Using the listing below, copy exactly each line from the one that has "Jauns modes seksīgs" through the one that has "BukkitBow - Industriële"; omit the pictures.

Dataset extract:
-=-=-

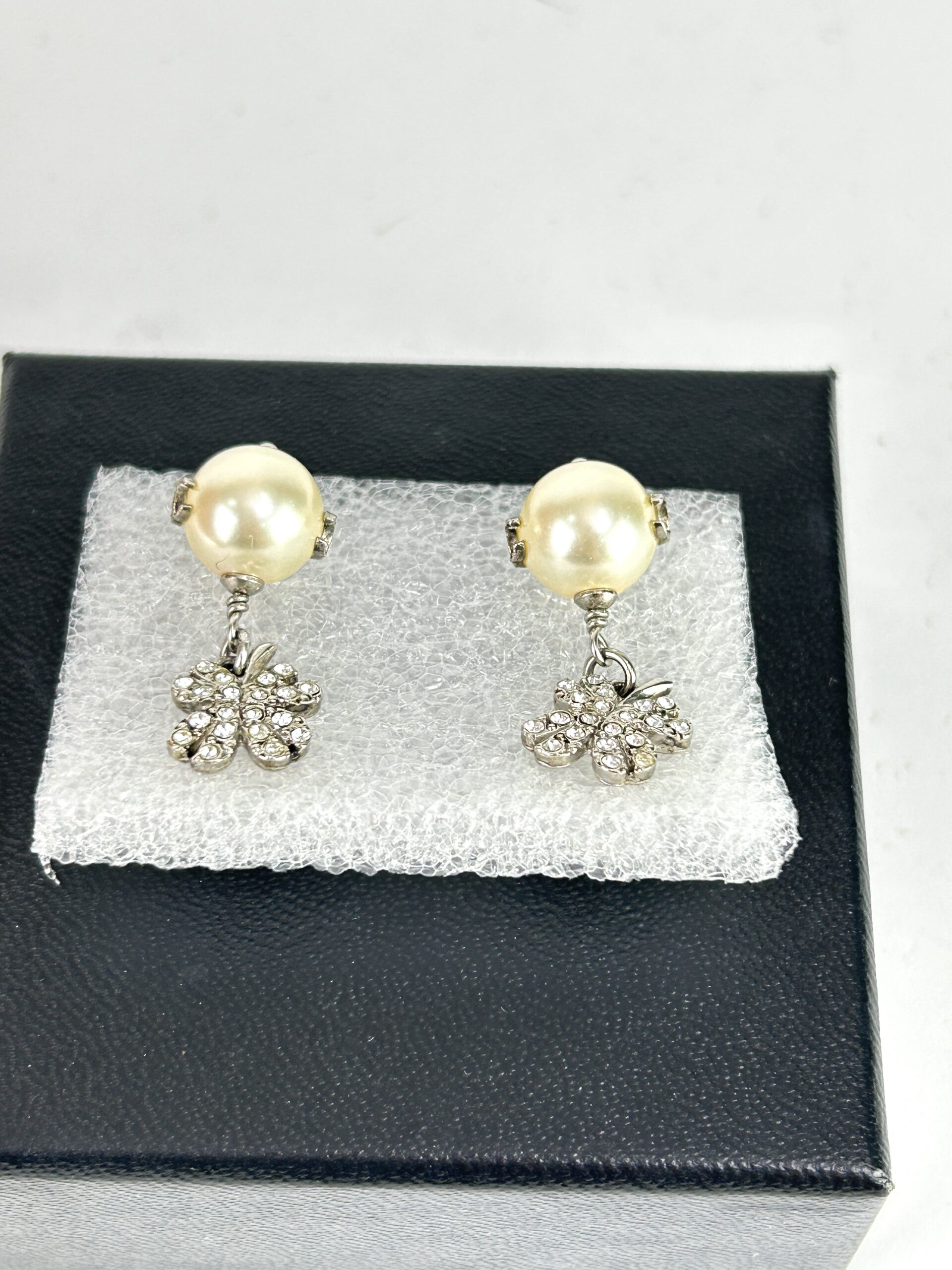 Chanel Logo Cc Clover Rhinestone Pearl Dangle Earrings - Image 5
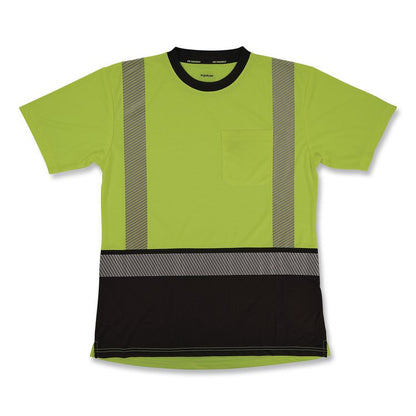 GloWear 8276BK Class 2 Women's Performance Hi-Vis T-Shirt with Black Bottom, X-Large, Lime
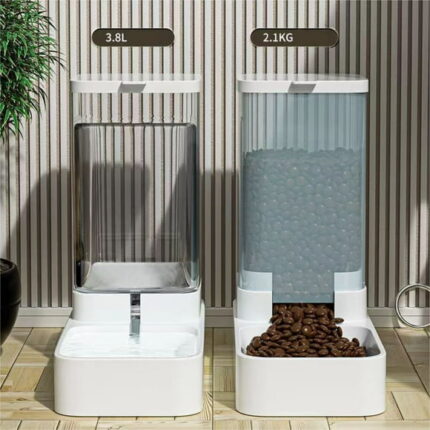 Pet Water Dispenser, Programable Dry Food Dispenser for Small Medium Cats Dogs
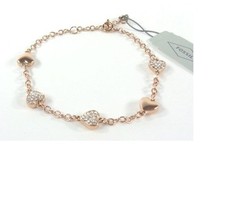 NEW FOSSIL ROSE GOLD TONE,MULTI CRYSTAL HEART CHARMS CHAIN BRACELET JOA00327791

-=-=-

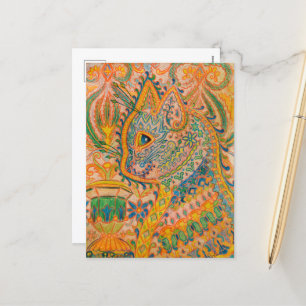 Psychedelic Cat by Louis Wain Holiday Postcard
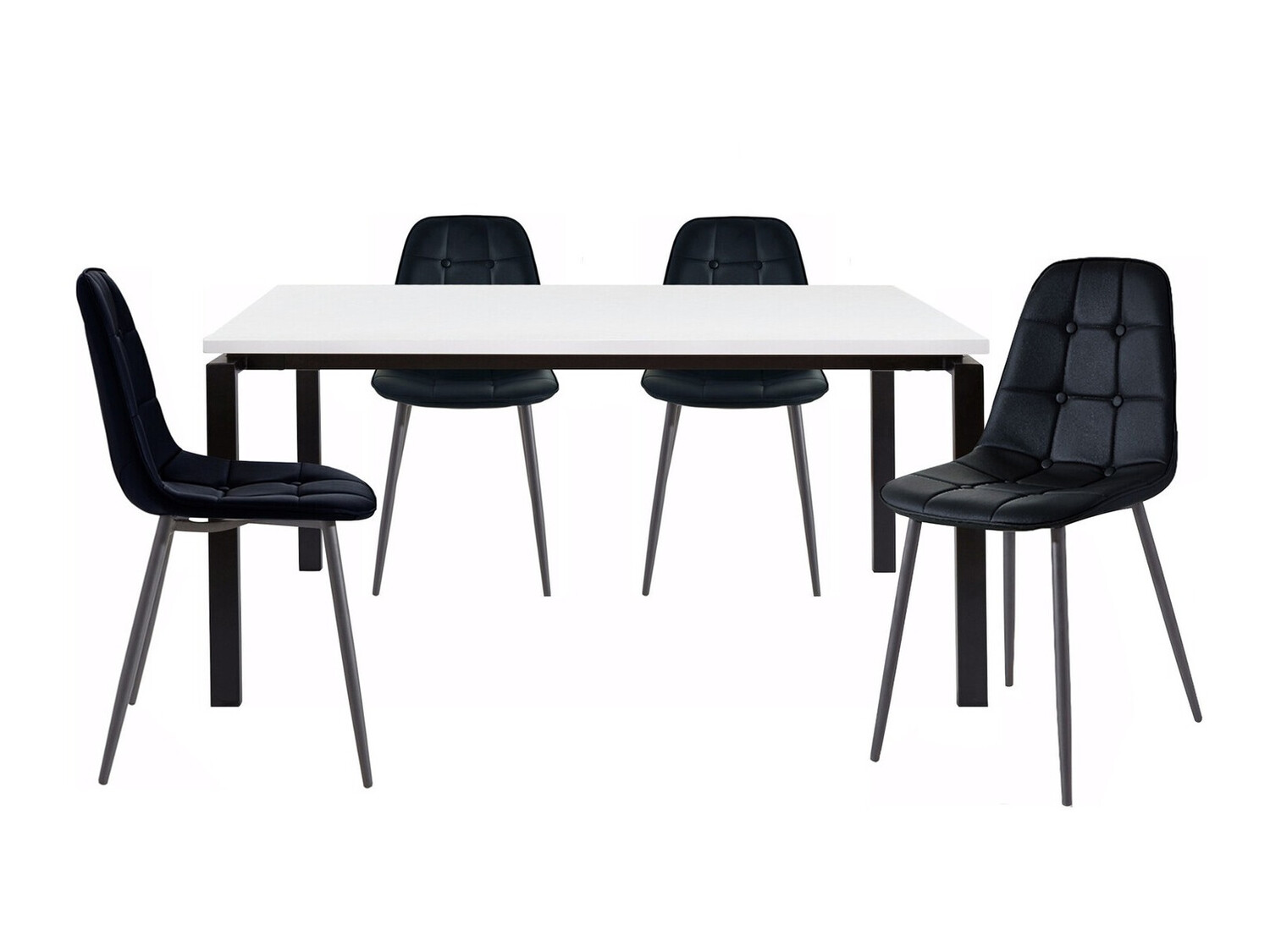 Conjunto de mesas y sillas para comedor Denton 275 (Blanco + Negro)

-=-=-

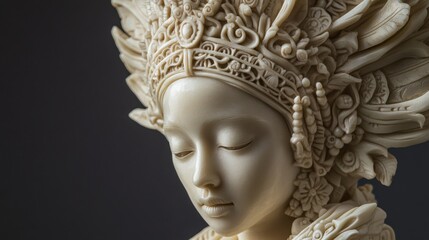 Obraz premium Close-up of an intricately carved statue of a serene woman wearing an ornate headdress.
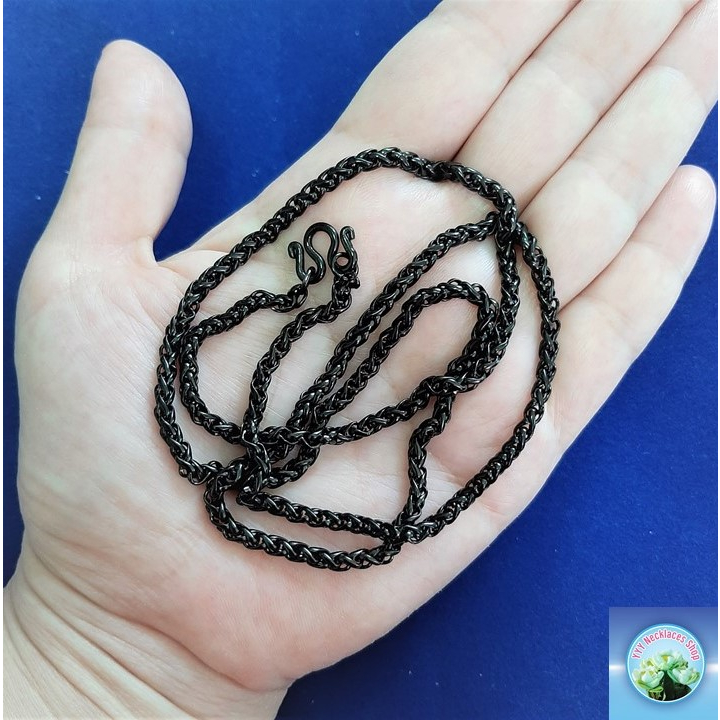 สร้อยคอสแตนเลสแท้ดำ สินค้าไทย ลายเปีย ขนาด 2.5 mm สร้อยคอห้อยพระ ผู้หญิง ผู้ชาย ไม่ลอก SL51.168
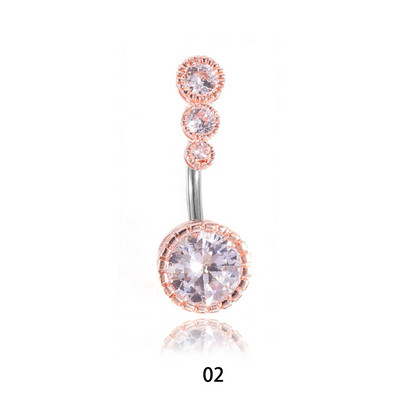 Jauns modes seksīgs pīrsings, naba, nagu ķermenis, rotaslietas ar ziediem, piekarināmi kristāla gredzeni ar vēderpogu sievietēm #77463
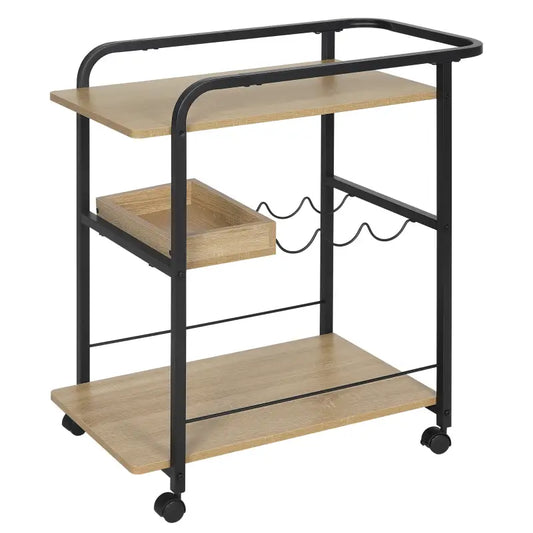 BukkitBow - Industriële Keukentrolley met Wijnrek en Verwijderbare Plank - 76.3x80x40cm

-=-=-

Reply:
 Jauns modes seksīgs pīrsings, naba, nagu ķermenis, rotaslietas ar ziediem, piekarināmi kristāla gredzeni ar vēderpogu sievietēm #77463
 BukkitBow - Industriële Keukentrolley met Wijnrek en Verwijderbare Plank - 76.3x80x40cm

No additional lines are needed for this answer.